What this task involves:
Leave the images aside and copy out the whole listing, exact to the word.

[Provided data — start]

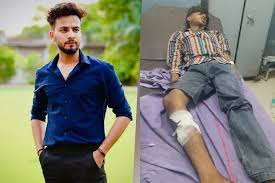  यूटयूबर एल्विश यादव के घर फायरिंग करने का आरोपी मुठभेड़ में गोली लगने से घायल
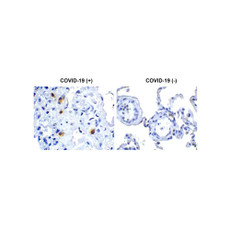 ProSci 9185 SARS-CoV-2 (COVID-19) NSP14 (ExoN) Antibody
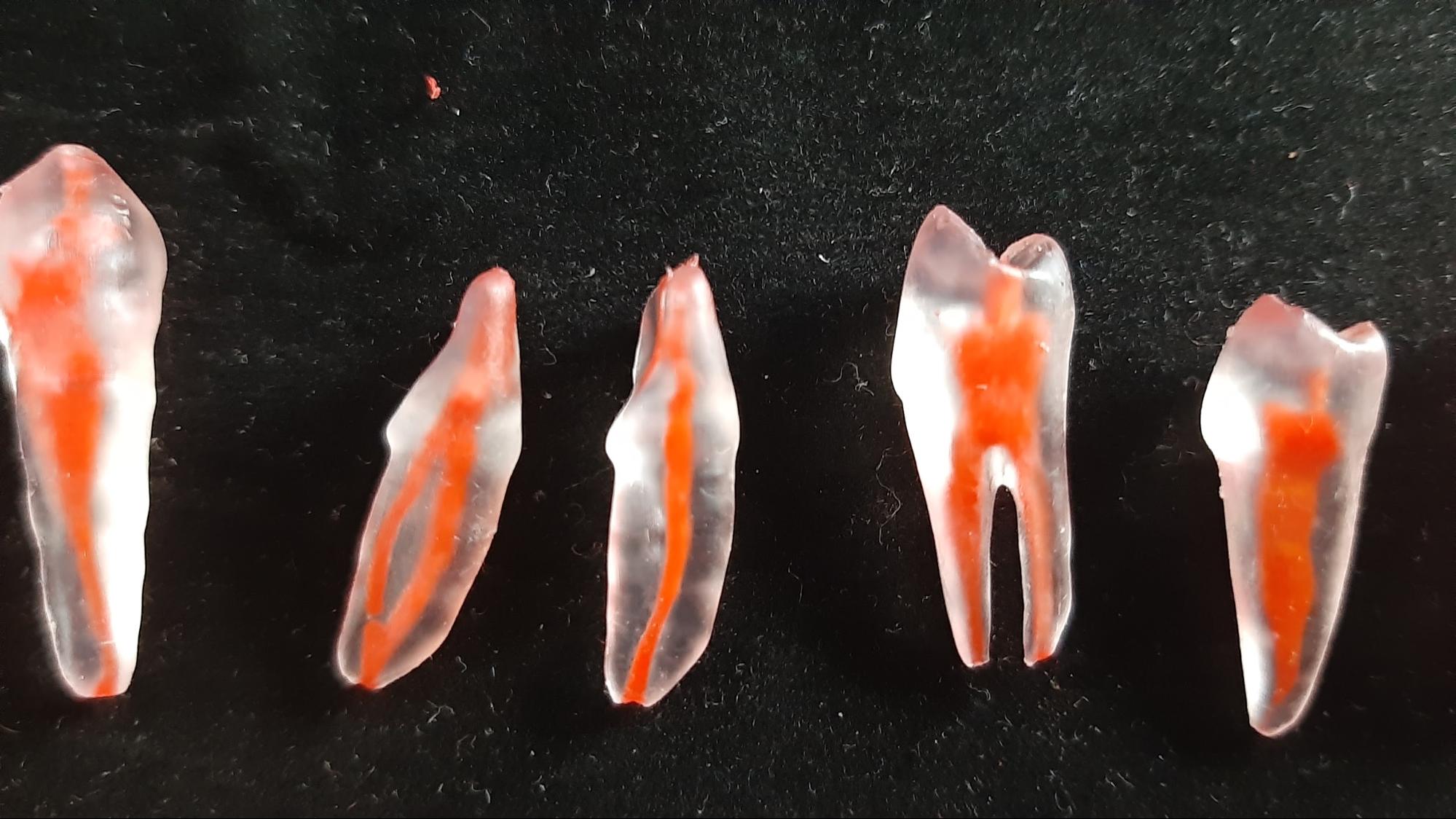 3D Printed Teeth Models Support Dentistry Education at Home During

[Provided data — finish]

Reply to the exercise:
  यूटयूबर एल्विश यादव के घर फायरिंग करने का आरोपी मुठभेड़ में गोली लगने से घायल
 ProSci 9185 SARS-CoV-2 (COVID-19) NSP14 (ExoN) Antibody
 3D Printed Teeth Models Support Dentistry Education at Home During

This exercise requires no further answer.